Corporate Tax Avoidance: Zara fashion brand owner amasses $10bn property empire
Corporate Tax Avoidance: Inditex, the Spanish owner of Zara, this week announced its first fall in annual profits in five years as the world’s biggest fashion retailer invested in stores while foreign exchange rates moved against it. However, Amancio Ortega Gaona, founding chairman of Inditex, with a stake of 60% in the listed group, at 77 has a net worth of $64bn – – up $26.5bn in the past two years – – and is the third richest man in the world according to Forbes latest billionaire ranking.

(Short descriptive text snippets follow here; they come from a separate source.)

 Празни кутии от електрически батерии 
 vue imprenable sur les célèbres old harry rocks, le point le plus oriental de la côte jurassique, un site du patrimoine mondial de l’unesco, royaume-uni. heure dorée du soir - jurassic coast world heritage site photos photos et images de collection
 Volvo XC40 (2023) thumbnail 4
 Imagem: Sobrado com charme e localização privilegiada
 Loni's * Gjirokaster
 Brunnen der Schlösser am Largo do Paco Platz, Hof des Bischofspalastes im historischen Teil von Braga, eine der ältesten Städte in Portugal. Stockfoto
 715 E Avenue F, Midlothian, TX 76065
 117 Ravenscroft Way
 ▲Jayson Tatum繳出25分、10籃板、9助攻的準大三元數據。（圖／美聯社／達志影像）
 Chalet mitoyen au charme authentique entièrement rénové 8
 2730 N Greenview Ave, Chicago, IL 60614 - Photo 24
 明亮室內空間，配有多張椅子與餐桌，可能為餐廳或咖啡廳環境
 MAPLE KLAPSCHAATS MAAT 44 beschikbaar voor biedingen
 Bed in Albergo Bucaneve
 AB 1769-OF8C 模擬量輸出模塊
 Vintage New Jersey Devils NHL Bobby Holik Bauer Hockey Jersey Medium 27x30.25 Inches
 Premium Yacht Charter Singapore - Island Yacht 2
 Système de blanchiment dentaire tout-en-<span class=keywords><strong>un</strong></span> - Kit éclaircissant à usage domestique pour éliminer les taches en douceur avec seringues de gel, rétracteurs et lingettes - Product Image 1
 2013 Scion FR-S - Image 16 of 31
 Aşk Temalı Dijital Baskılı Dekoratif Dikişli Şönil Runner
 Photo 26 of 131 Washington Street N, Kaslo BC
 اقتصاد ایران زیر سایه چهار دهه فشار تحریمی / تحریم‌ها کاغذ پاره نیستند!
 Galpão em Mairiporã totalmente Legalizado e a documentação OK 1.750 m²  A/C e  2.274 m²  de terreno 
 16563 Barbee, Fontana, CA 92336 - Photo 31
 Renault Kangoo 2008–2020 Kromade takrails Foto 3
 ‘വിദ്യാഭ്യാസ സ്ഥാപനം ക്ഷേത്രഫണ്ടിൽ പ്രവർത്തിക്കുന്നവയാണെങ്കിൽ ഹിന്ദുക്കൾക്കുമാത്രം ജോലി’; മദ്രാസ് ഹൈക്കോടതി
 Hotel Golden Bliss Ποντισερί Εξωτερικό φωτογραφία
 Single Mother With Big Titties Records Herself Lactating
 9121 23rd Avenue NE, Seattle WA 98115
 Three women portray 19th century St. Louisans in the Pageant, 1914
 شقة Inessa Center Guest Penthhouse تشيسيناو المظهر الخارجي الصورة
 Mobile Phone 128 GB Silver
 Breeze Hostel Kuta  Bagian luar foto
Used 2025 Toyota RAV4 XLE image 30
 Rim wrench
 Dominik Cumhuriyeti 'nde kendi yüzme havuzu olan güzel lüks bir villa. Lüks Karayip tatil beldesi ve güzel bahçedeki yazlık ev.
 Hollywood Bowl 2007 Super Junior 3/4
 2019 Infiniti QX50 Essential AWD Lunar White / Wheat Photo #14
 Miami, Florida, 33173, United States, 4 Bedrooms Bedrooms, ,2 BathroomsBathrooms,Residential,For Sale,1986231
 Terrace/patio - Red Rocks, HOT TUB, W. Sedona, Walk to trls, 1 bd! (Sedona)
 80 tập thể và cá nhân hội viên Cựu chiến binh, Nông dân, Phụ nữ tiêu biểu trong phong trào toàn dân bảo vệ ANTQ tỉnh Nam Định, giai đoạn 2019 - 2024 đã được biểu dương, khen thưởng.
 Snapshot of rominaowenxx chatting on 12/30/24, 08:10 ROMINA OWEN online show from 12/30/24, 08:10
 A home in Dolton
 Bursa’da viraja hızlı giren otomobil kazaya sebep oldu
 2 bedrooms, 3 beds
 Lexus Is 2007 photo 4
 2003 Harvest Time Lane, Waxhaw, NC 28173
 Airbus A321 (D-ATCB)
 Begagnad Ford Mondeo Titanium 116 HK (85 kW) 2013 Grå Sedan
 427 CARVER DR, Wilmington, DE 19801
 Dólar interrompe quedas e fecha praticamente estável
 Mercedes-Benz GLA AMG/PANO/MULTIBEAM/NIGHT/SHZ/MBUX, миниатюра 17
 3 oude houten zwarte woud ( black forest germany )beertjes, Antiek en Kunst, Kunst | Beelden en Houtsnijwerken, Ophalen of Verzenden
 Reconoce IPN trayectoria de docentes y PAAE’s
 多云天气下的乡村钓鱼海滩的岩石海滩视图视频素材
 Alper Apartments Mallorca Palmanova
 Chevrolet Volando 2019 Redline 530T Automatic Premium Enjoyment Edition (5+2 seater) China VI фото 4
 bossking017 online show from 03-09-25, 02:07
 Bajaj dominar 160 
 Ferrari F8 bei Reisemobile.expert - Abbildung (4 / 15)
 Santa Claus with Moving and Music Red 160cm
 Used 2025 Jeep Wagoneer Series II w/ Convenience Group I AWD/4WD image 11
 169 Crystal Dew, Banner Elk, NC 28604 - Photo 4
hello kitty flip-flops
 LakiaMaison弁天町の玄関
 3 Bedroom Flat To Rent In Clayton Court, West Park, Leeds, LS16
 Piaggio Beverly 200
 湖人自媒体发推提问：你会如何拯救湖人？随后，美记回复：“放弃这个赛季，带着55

Jesse Drucker of Bloomberg News says in a report published on Wednesday that Ortega has a property empire worth $10bn and “in the past four months alone, Ortega has spent almost $1bn purchasing properties in Manhattan’s meatpacking district, London’s West End, Beverly Hills’ Rodeo Drive and Barcelona’s main shopping drag, Passeig de Gracia. He recently paid one of the highest prices per square foot ever for a London office building.”
Last month Jesse Drucker reported that in “the past five years, Inditex has shifted almost $2bn in profits to a tiny unit operating in the Netherlands and Switzerland, records show. Although that subsidiary employs only about 0.1% of Inditex’s worldwide workforce, it reported almost 20% of the parent company’s global profits last year, according to company filings.
In part because of this profit shifting, Zara reports narrow margins in many high-tax countries, trimming its taxes in some of its biggest European markets. In Italy, Germany, France and the UK, Zara has recorded average profit margins from 3 to 5% since 2009, corporate filings show.”
Reuters reports that Inditex posted pre-tax profits for the year to 15 March slipped 2.5% to €3.05bn despite a 4.9% rise in sales to €16.72bn as consumer spending bounced back in southern European markets.
Inditex, which owns the Pull & Bear, Massimo Dutti, Bershka, Stradivarius, Oysho, Lefties and Urterque brands as well as Zara, also revealed plans to increase investment in refurbishments and new stores from €1.2bn last year to €1.35bn, allowing it add up to 500 new stores this year compared to 330 in 2013.